Give back the records below exactly, omitting the pictures.

Extracted information section start

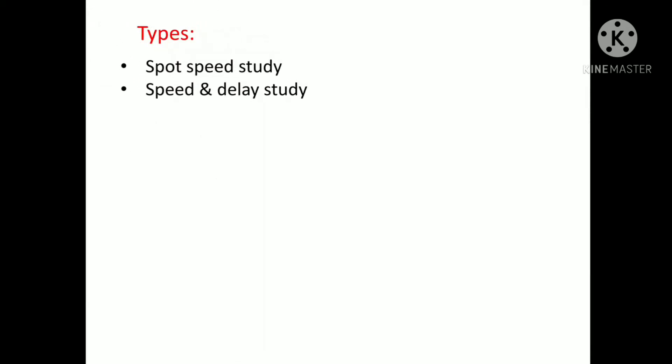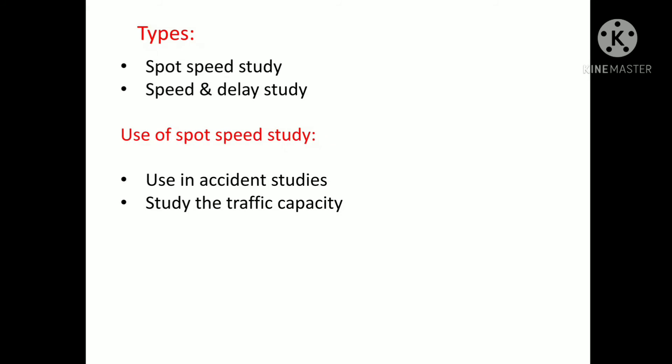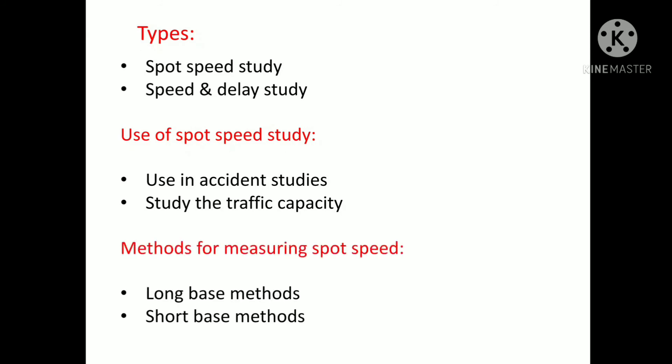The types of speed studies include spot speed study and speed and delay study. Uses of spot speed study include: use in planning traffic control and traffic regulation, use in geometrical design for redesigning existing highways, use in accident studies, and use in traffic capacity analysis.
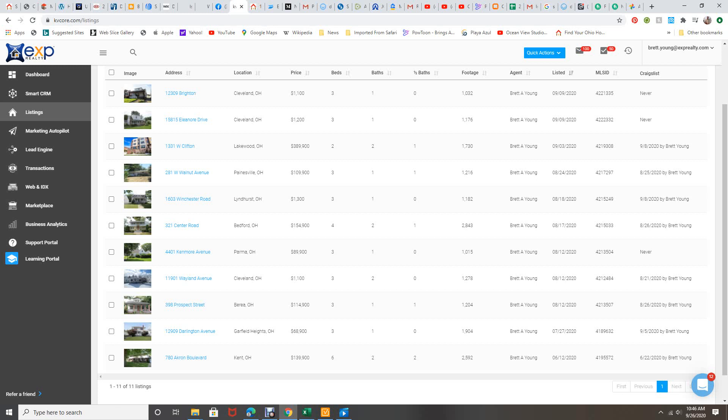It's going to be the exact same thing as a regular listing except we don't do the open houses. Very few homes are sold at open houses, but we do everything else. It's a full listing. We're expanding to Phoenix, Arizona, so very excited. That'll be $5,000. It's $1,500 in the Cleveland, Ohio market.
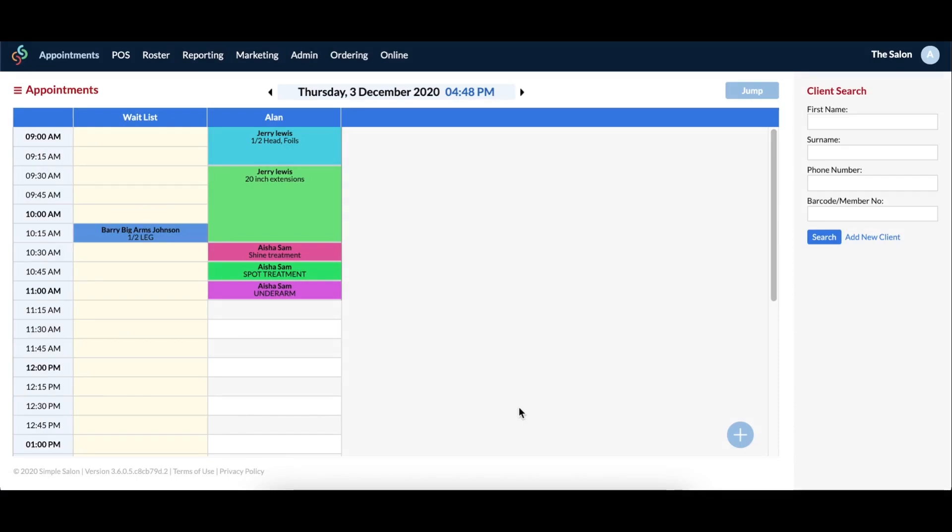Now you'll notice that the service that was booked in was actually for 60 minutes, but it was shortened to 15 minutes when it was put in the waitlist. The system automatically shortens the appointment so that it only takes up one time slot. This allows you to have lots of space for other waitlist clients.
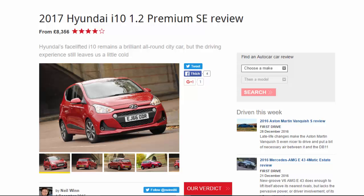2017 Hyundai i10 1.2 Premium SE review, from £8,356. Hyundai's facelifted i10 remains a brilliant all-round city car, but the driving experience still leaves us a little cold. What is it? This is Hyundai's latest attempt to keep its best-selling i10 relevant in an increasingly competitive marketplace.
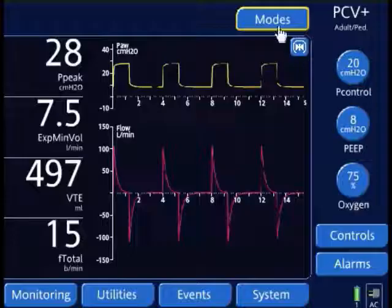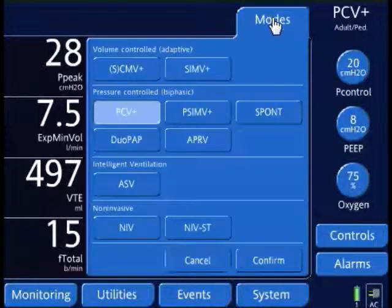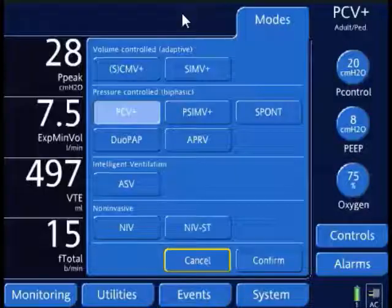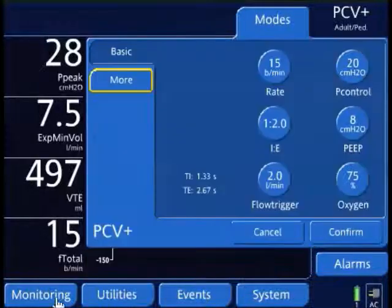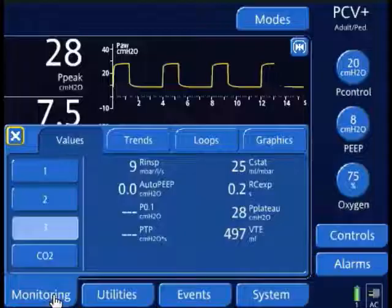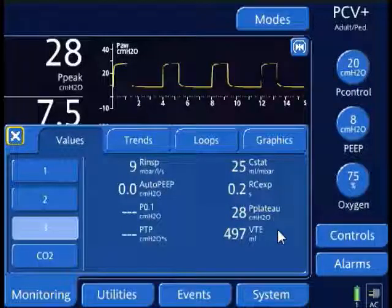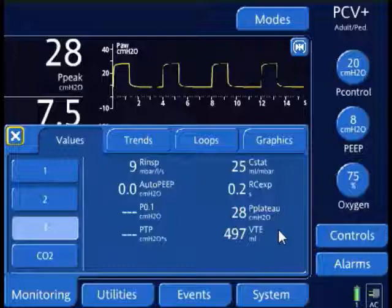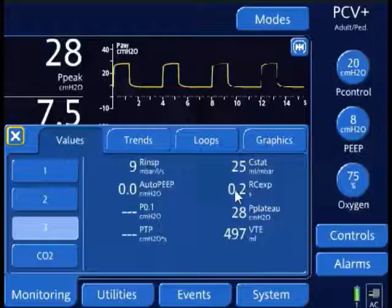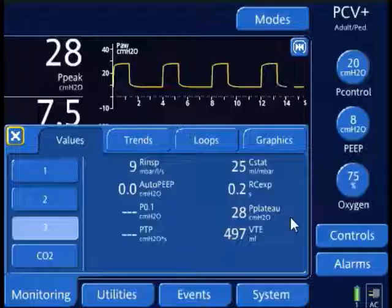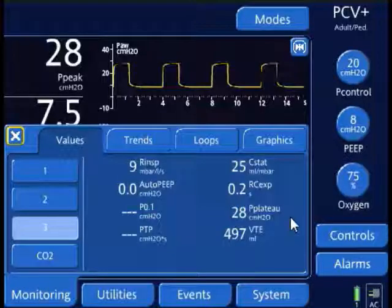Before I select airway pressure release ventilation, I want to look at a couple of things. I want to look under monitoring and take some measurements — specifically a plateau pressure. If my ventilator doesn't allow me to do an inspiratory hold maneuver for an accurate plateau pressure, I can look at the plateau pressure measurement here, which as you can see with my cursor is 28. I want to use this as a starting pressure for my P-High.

Extracted information section end

### Exercise answer:
The types of speed studies include spot speed study and speed and delay study. Uses of spot speed study include: use in planning traffic control and traffic regulation, use in geometrical design for redesigning existing highways, use in accident studies, and use in traffic capacity analysis.
It's going to be the exact same thing as a regular listing except we don't do the open houses. Very few homes are sold at open houses, but we do everything else. It's a full listing. We're expanding to Phoenix, Arizona, so very excited. That'll be $5,000. It's $1,500 in the Cleveland, Ohio market.
Now you'll notice that the service that was booked in was actually for 60 minutes, but it was shortened to 15 minutes when it was put in the waitlist. The system automatically shortens the appointment so that it only takes up one time slot. This allows you to have lots of space for other waitlist clients.
2017 Hyundai i10 1.2 Premium SE review, from £8,356. Hyundai's facelifted i10 remains a brilliant all-round city car, but the driving experience still leaves us a little cold. What is it? This is Hyundai's latest attempt to keep its best-selling i10 relevant in an increasingly competitive marketplace.
Before I select airway pressure release ventilation, I want to look at a couple of things. I want to look under monitoring and take some measurements — specifically a plateau pressure. If my ventilator doesn't allow me to do an inspiratory hold maneuver for an accurate plateau pressure, I can look at the plateau pressure measurement here, which as you can see with my cursor is 28. I want to use this as a starting pressure for my P-High.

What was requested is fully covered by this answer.